Ce roman, considéré comme le chef-d’œuvre de Malaquais, est une grande fresque historique où le lyrisme visionnaire se mêle au plus sombre réalisme. Le roman évoque Marseille en 1942, alors que la ville se situe dans la zone non occupée («nono») par l’armée allemande.
Une temporalité romancée
Dans Planète sans visa, Malaquais choisit de ne pas respecter la chronologie réelle des épisodes qu’il raconte. L’auteur utilise une temporalité condensée pour dramatiser les événements. Voici une comparaison entre la chronologié réelle des événements et la chronologie retenue dans le roman :
La chronologie réelle :
• Pétain visite Marseille le 3 décembre 1940
• Les rafles de Juifs se précipitent à l’été 1941. La plus grande a lieu en août 1942.
• La Wehrmacht entre à Marseille le 11 novembre 1942
La chronologie du roman :
• La rafle des Juifs, préparatoire à la visite de Pétain, a lieu en 1942.
• Pétain visite Marseille en 1942
• La Wehrmacht entre à Marseille le 11 novembre 1942
De vieilles connaissance
Dans Planète sans visa, Malaquais évoque les conditions de vie pendant la guerre et nous présente deux vieilles connaissances : la dèche et la faim.
«Dans la rue Lévis où naguère des volailles plumées et des viandes saignantes et des fromages opulents débordaient en cascade sur le trottoir et se mêlaient aux fruits étagés en pyramide dans les voiturettes des maraîchers, quelqu’un offrait des brocolis, quelqu’un des rutabagas, et un ménage d’aveugles une sébile.»
Planète sans visa, Paris, Phébus, 1999, p. 313.
Les personnages
Malaquais donne vie à tous les personnages de Planète sans visa.

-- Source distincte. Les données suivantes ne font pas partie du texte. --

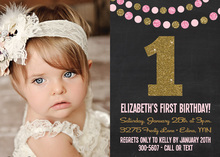 Gold Glitter Pink Stripes Photo Birthday Invitations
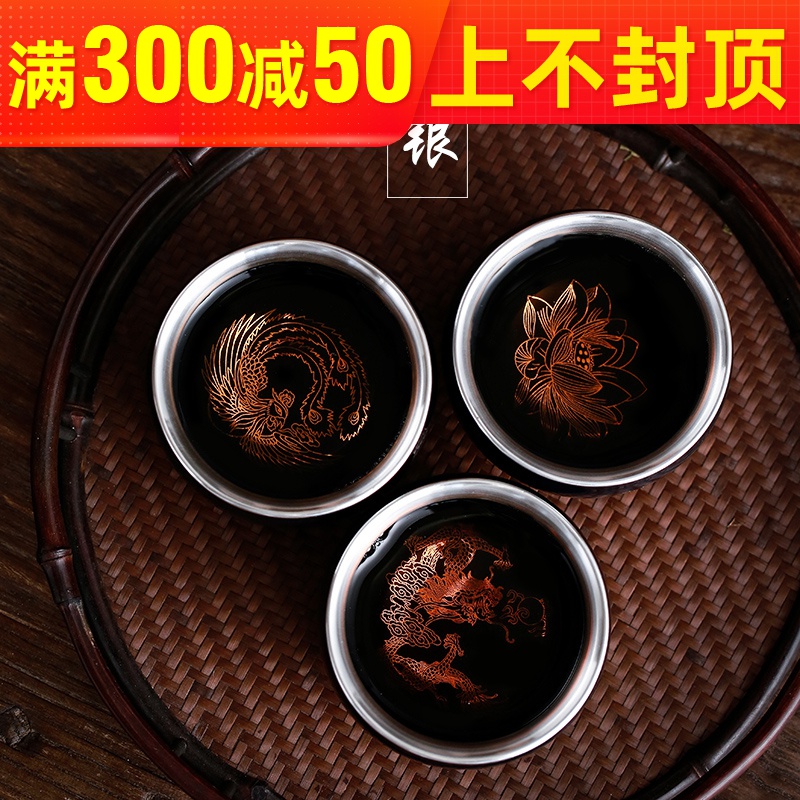 Silver cup 999 coppering. As the sample tea cup masters cup Silver cup household kung fu tea tea set, ceramic, big by hand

Il nous fait connaître leurs pensées sans les juger, quelle que soit leur orientation idéologique.
Planète sans visa témoigne de l’expérience incroyable d’une coopérative ouvrière, le Croquefruit (Sucror), fondé par l’acteur trotskiste Sylvain Itkine. Dans ce refuge précaire, les humanistes malaxent et militent. Ce roman est un des seuls à mettre en scène des militants internationalistes au cœur de la Deuxième Guerre Mondiale.
Le roman présente également le haut fonctionnaire Aldous John Smith qui permet aux humanistes de fuir l'Europe. Ce personnage représente le bien réel Varian Fy et Malaquais en a fait un personnage essentiel de Planète sans visa et l’objet de plusieurs essais. Fry lui envoya son livre de mémoires Surrender on Demand (La liste noire) avec la dédicace suivante : «To the one who has not forgotten».
Marseille 1942 au présent
«Ce roman avait cinquante ans d’avance : il est temps de le lire.» (Norman Mailer). À Lille, en 2004, Dominique Sarrazin a adapté pour le théâtre Planète sans visa.